Sein Bruder sah das Eichhörnchen an. „Ich weiß es nicht … aber es kann sehr gut sein, damit aber würden sie mehr wissen als wir. Denn wir können nur vermuten, ob andere es gut mit uns meinen oder nicht.“ Er seufzte, es wäre wirklich praktisch, wenn man immer wissen würde, ob andere es gut mit einem meinten oder nicht. Es hätte ihm so einige unangenehme Erfahrungen ersparen können, denn vor allem, als er frisch in die Dienste Gil-Galads getreten war, hatte es Probleme gegeben. Nicht jeder hatte ihn annehmen wollen, manche nicht, weil er von Maglor und Maedhros groß gezogen worden war, und wieder andere nicht, weil er nur ein Halbelb war und sich damit von ihnen unterschied. Anders sein, das war immer so eine Sache für sich, etwas, dass es einem oft noch schwerer machte, dabei war das Leben so schon selten leicht.
Auf einmal hüpfte das kleine Nagetier wieder weg und Elrond schüttelte seinen Kopf. Dann fiel ihm etwas in die Augen, etwas in seinen Haaren wirkte seltsam. „Elros, hab ich eine Spinnenwebe im Haar?“ Der Angesprochene sah zu seinem Bruder und schaute genauer hin.
Nach einer Weile hatte er sein Urteil gemacht. „Spinnenweben seh‘ ich da keine, Bruder. Dafür etwas anderes, ich würde behaupten, dass du grau wirst.“
Im ersten Moment war Elrond sprachlos, dann aber begann er zu strahlen und irritierte Elros damit. „Also ich hatte mich über meine ersten grauen Haare nicht gefreut“, stellte er dann fest.
„Aber damit sehen wir uns wieder ähnlicher!“ Elronds Augen strahlten, während er diese Erkenntnis verkündete und Elros musste schließlich doch lachen.
„Du bist seltsam“, stellte Elros trocken fest. „Weißt du, wie sehr ich am Boden zerstört war, als ich mein erstes graues Haar sah? Schrecklich war das, offiziell ein alter Mann! Welch Schmach! Dabei bin ich doch gar nicht so alt. Na ja, vielleicht schon, zumindest für menschliche Verhältnisse.

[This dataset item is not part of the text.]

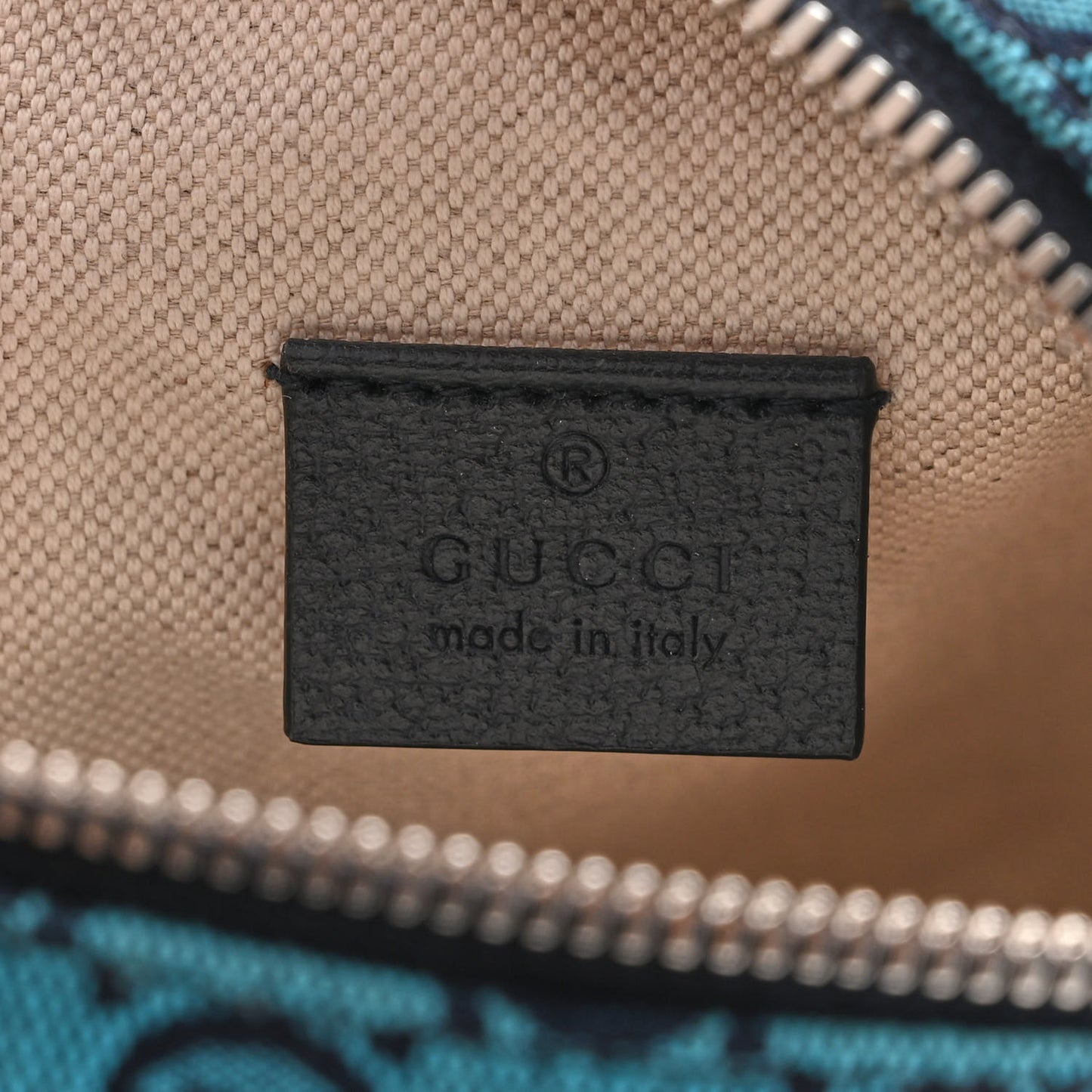 Monogram Multicolor Mini Retro Interlocking G Messenger Blue Rainbow Light Blue
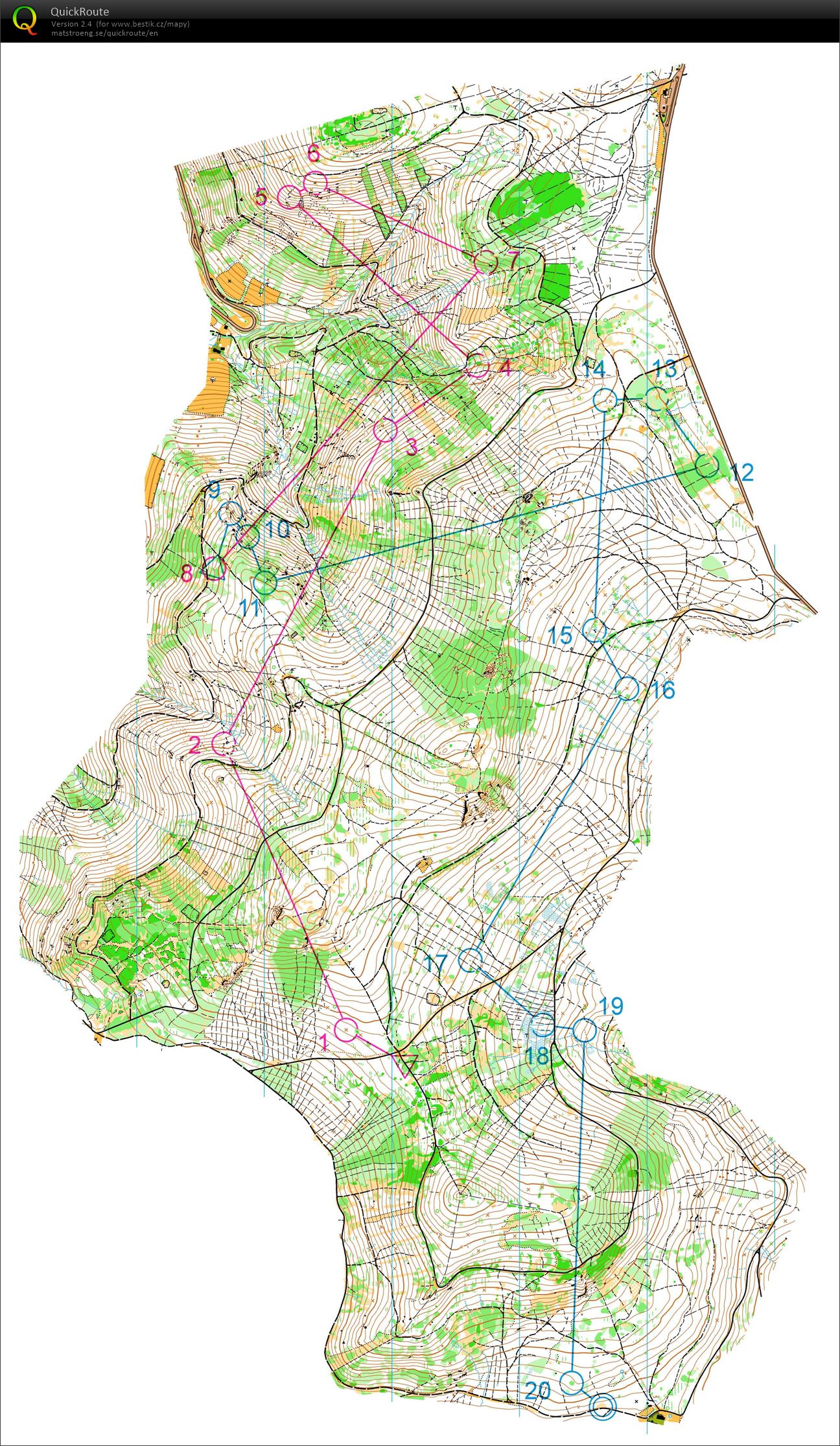 czech - LONG selection race for EOC16 (23.04.2016)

Aber ich fühl mich noch lange nicht so alt!“
Elrond musste lachen. „Ach, Bruder, was du nur hast“, amüsierte er sich. „Graues Haar steht für Weisheit und Würde. Und du willst doch wohl nicht etwa bestreiten, dass du das nicht bist?“
Elros seufzte. „Na, wenn du meinst …“
Elrond legte ihm einen Arm um die Schulter. „Ja, meine ich.“
Nun lächelte Elros doch wieder. „Du bist manchmal ein so unglaublich unverbesserlicher Pessimist, und manchmal doch ganz und gar nicht. Wäre ich nicht dein Bruder, ich würde aus dir wirklich nicht schlau werden.“
„Siehst du.“ Elrond grinste. In diesem Moment biss erneut ein Fisch. Vielleicht konnte das Abendessen doch noch gerettet werden. Der Tag zumindest hatte eine deutlich erfreuliche Wendung genommen.